Latest in Long History of State-Government Self-Improvement Projects – So Many Government-Reinvention Initiatives it’s Hard to Remember Them All

The government-reinventors: Inslee chief of staff Mary Alice Heuschel, Wendy Korthuis Smith of Results Washington, and Shelley Metzenbaum of the Volcker Alliance.

Government reinventors at Tuesday’s gathering: Inslee chief of staff Mary Alice Heuschel, Wendy Korthuis Smith of Results Washington, and Shelley Metzenbaum of the Volcker Alliance.

OLYMPIA, July 18.—Reinventing government must be the easiest thing in the world — Washington state has done it jillions of times. Now the administration of Gov. Jay Inslee is getting set to reinvent it yet again, and as always when these state-government self-improvement projects get started, hopes are high.

At a conference this week in the state’s capital city, an audience of about 200 state-agency managers was treated to a preview of the latest effort – a strategic planning process to be known as Results Washington. Chief of Staff Mary Alice Heuschel outlined a goal-setting effort that has been in the planning stages since Inslee took office in January.
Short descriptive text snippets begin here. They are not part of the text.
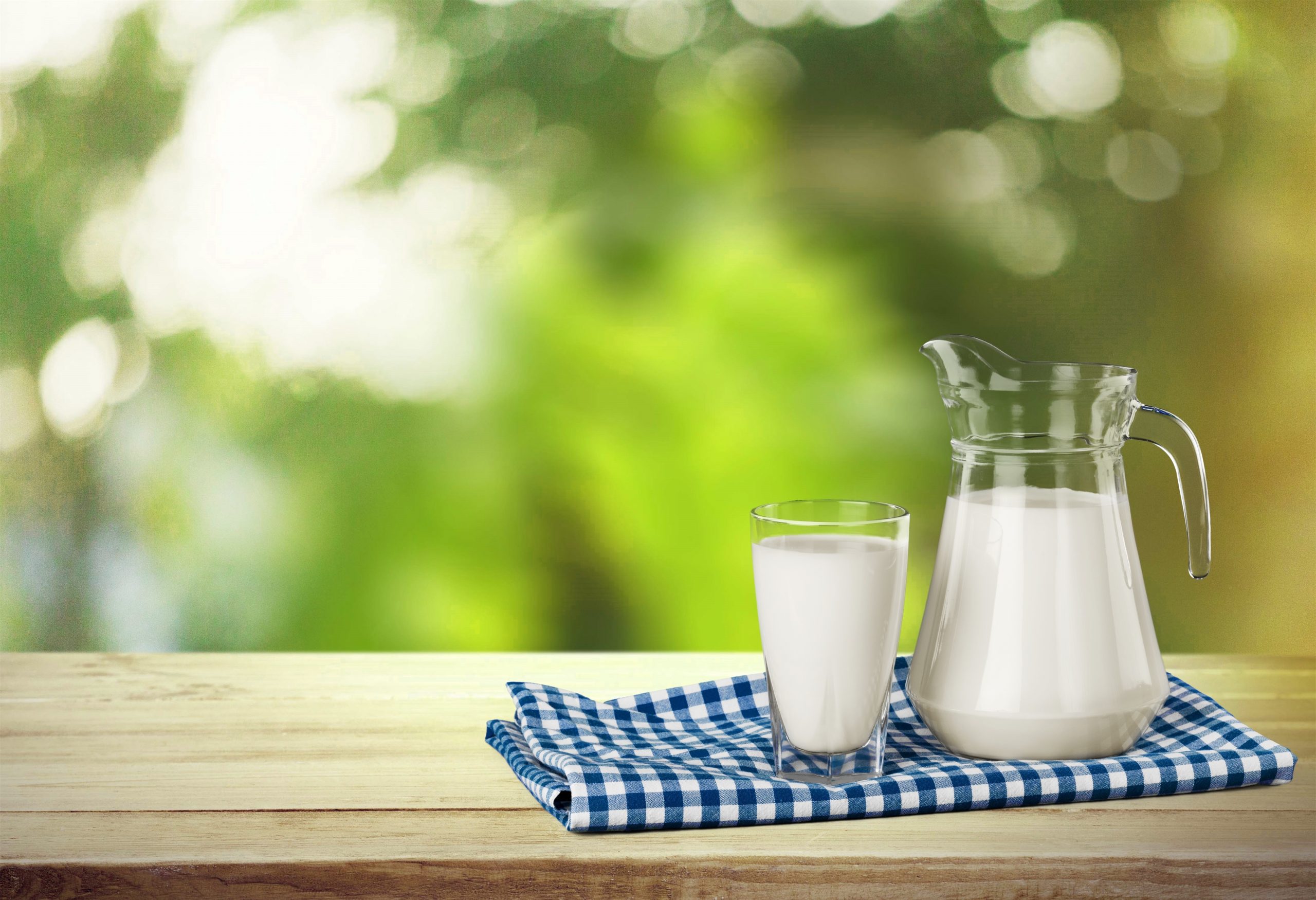 Qué proteína tiene la leche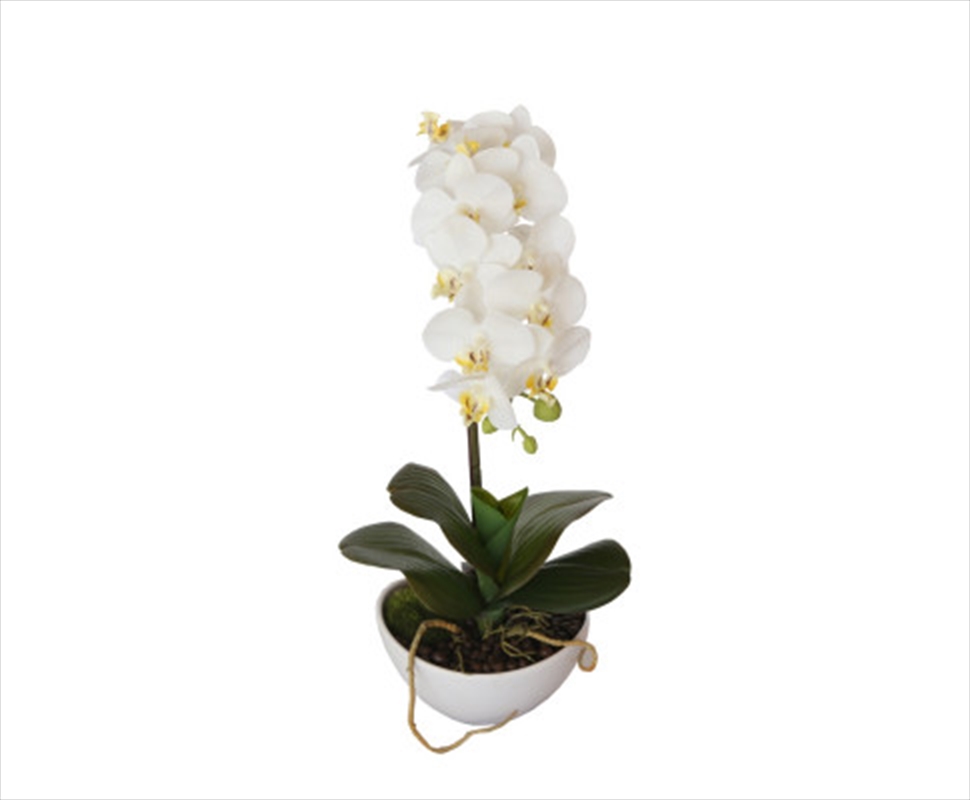 46cm Butterfly Orchid - White/Product Detail/Sport & Outdoor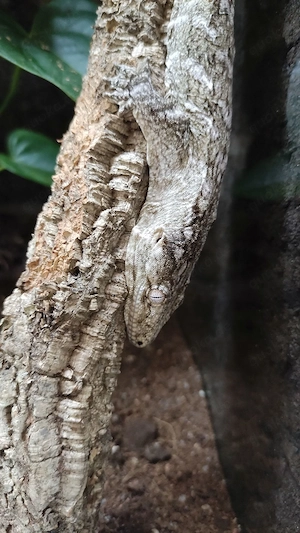 0.1 Rhacodactylus leachianus GT "Friedel line"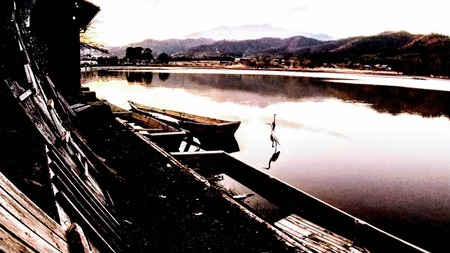 D20CAF70-1E3C-4C47-9736-5BF4B48C28E9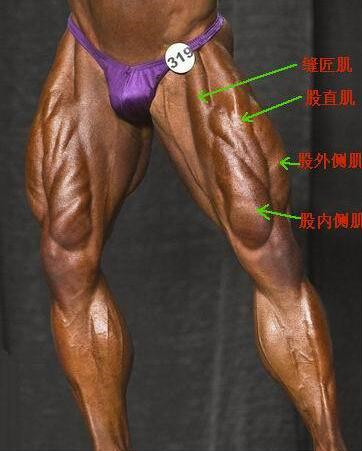 怎么练又细又有力的肌肉腿,腿部肌肉力量训练方法视频教程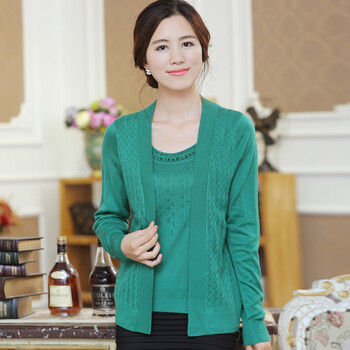 芬典正品2014中年<em>女装春装薄外套</em> 女 春秋中老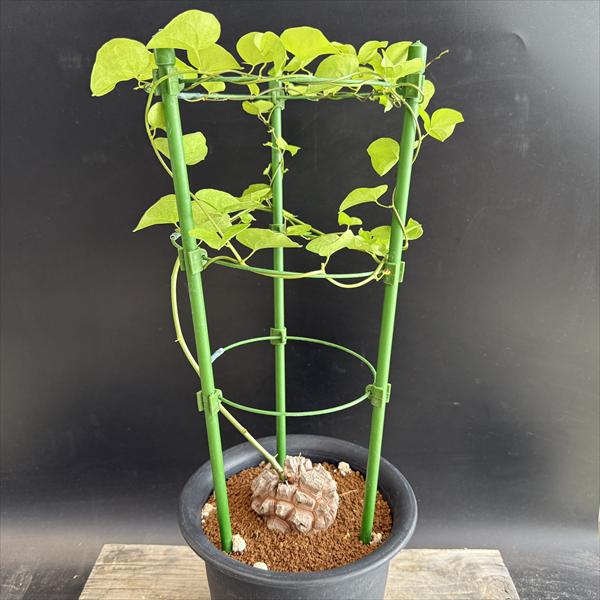 楽天市場】「現品｣ 亀甲竜キッコウリュウ（冬型種） 4.5号鉢 123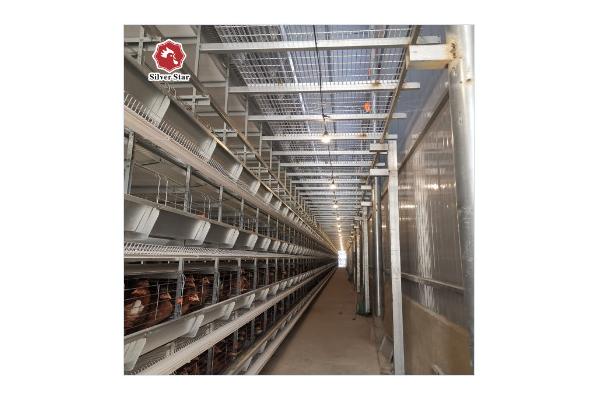 Broilers 4 Tiers Chicken Poultry Cage Automatic Manure Removal System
It aims to use measurable data to see if the state is getting the job done. Part of that effort, of course, is to figure out what the job is.

“Our journey in the next – now 3 ½ years – hopefully will launch us into making Washington a better place,” Heuschel said.

The basic idea is to make government less about following procedures and more about achieving results, and you might wonder how well it is going to work this time, given the fact that just about every new governor has been talking about pretty much the same thing for the last 50 years. Seems like you can set your watch by these efforts to make government more efficient and effective. Sometimes they start from the top down and sometimes they start from the ground up. This time the Inslee Administration is coming at it from both directions, under the direction of a chief of staff who made management reform a focus during a career in education. The Inslee Administration aims to boldly go where no administration has gone before, creating a plan for the next 20 years or more. Thus it implies it expects the next governor to continue what it starts. That would be a first.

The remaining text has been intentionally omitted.